Income Tax Appellate Tribunal, the final investigative authority

The faceless initiative started with the exam. As a result, appeals before the Commissioner of Income Tax (CIT) were made “faceless”, eliminating the interface between the assessee and the agency. In this case, an oral tax dispute hearing normally only takes place after a third-tier appeal to the competent high court. A legal remedy against the decision issued by ITAT is only available if an essential legal question is established. The expansion of the faceless procedure therefore leads to the fact that an oral hearing is inadmissible when assessing facts and laws. ITAT is the final investigative body on the road to tax disputes, and even the high court on appeal cannot reverse a factual finding by ITAT. In addition, it is also considered a “civil court”. Needless to say, proceedings before the ITAT are “judicial proceedings”. Therefore, giving an “oral hearing” in the present scenario is an unprecedented measure.

Conclusion

The faceless experiment is undoubtedly a pragmatic development of case law as it can potentially produce results in terms of efficiency, effectiveness, and convenience.
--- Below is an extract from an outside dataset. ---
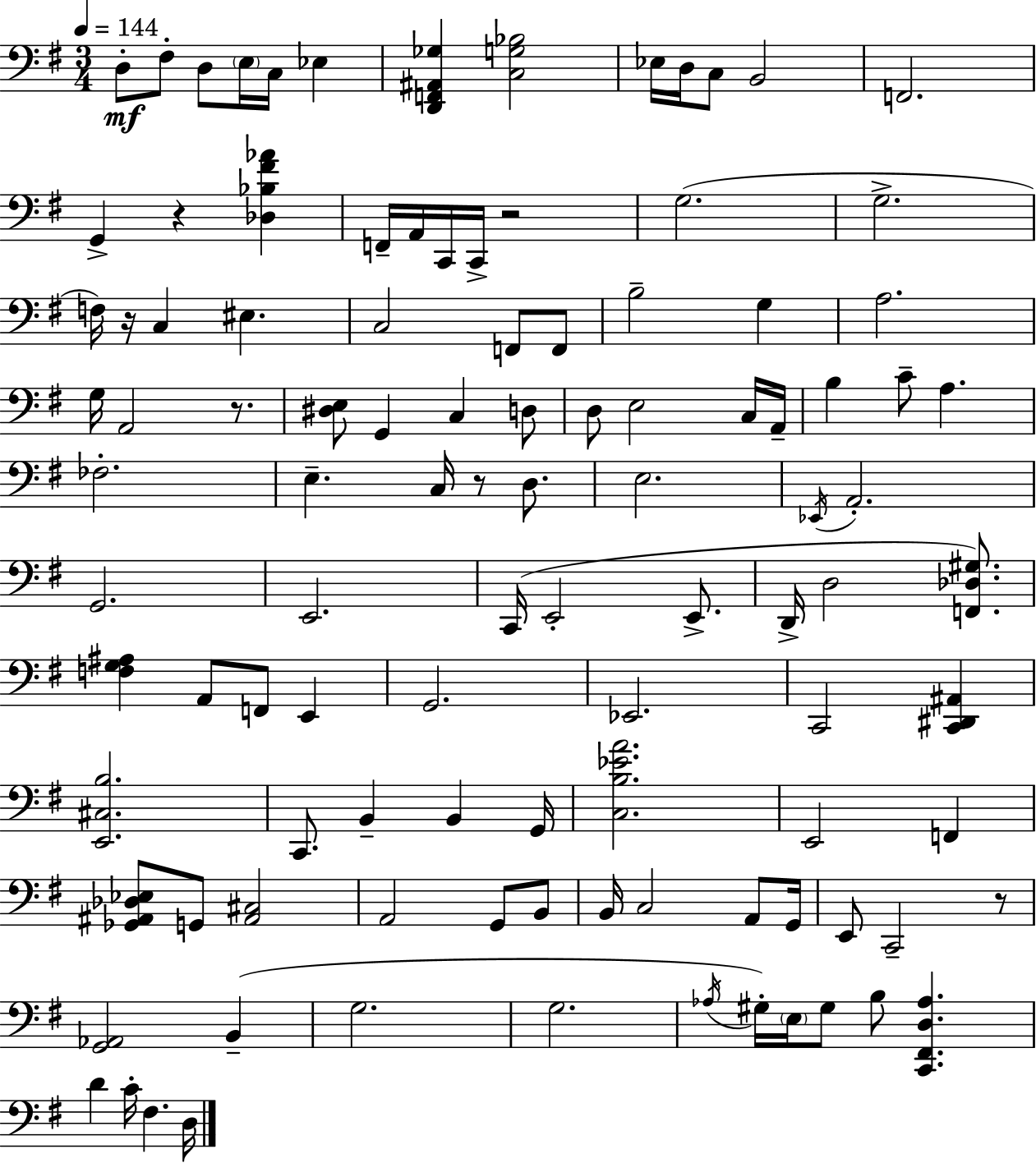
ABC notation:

However, as a lawyer or practitioner, it hits the very roots of what you stand for by virtue of your profession, and leaves a helpless pinch in your stomach.
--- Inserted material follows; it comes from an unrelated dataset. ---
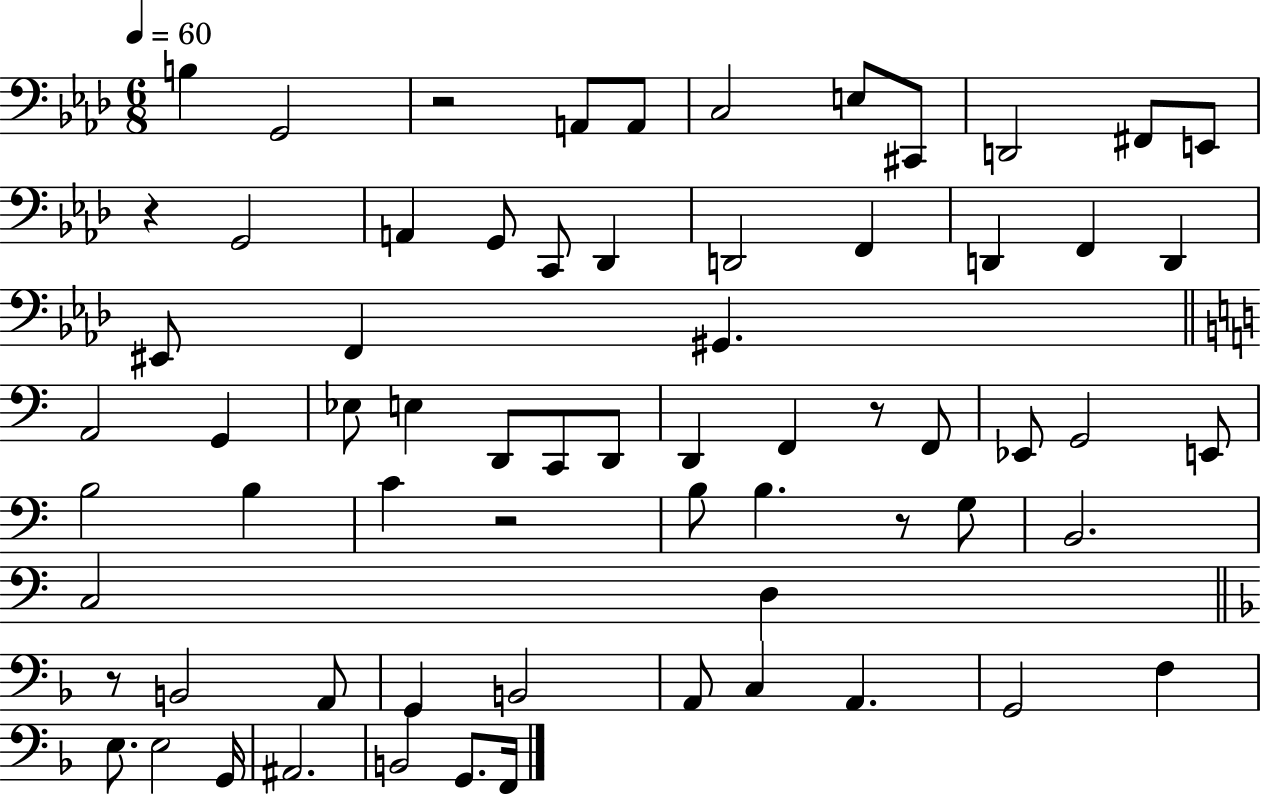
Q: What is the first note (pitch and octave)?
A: B3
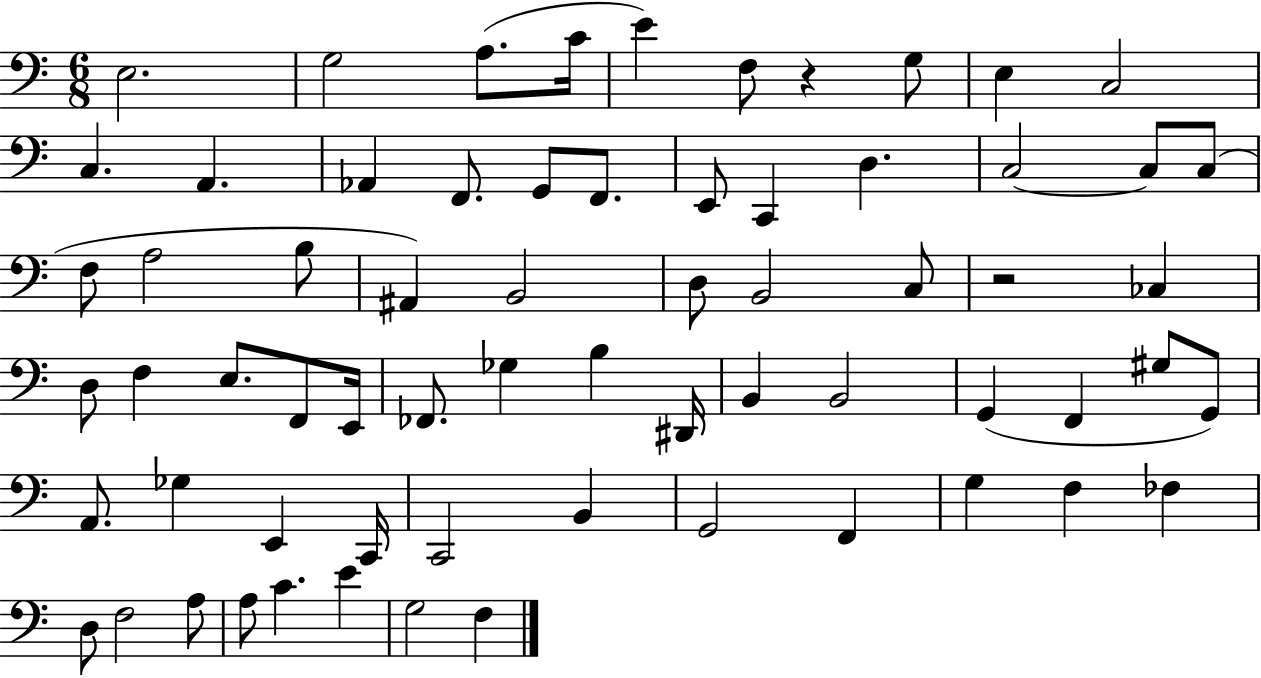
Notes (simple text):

E3/h. G3/h A3/e. C4/s E4/q F3/e R/q G3/e E3/q C3/h C3/q. A2/q. Ab2/q F2/e. G2/e F2/e. E2/e C2/q D3/q. C3/h C3/e C3/e F3/e A3/h B3/e A#2/q B2/h D3/e B2/h C3/e R/h CES3/q D3/e F3/q E3/e. F2/e E2/s FES2/e. Gb3/q B3/q D#2/s B2/q B2/h G2/q F2/q G#3/e G2/e A2/e. Gb3/q E2/q C2/s C2/h B2/q G2/h F2/q G3/q F3/q FES3/q D3/e F3/h A3/e A3/e C4/q. E4/q G3/h F3/q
However, the aspect to consider is the extent to which such muting procedures are performed. An oral hearing is much more convincing and real. It enables a higher level of reception compared to written submissions. An oral presentation engages the recipient far more than just simple words, no matter how well worded they are. History and tradition testify to the superiority of language over words.

Would the conspirators have been driven from Rome without Antony’s ‘speech’? Lincoln’s Gettysburg speech more than a hundred years ago has become an inevitable part of American political culture. Language is irrefutably an irreplaceable form of communication. To refuse advice from his oral hearing would be to rob a shooter of his thumb.

Moving away from oral hearings at the so-called “National Faceless Income Tax Appellate Tribunal Center” would certainly have far-reaching effects. The benefits promised to the assessee, its lightness and simplicity, remain to be seen. Nevertheless, it will certainly shape the landscape of tax law practice. Neither the practitioners nor the examiners will be silent bystanders. It will be immensely fascinating to see how the courts discuss this aspect in the event of a judicial challenge and even more to see how professionals will accept this change. They say change is the only constant in the world. However, this change may not be the right one.

(Pawan Jhabakh and Salai Varun are attorneys at Madras High Court. Views expressed are personal.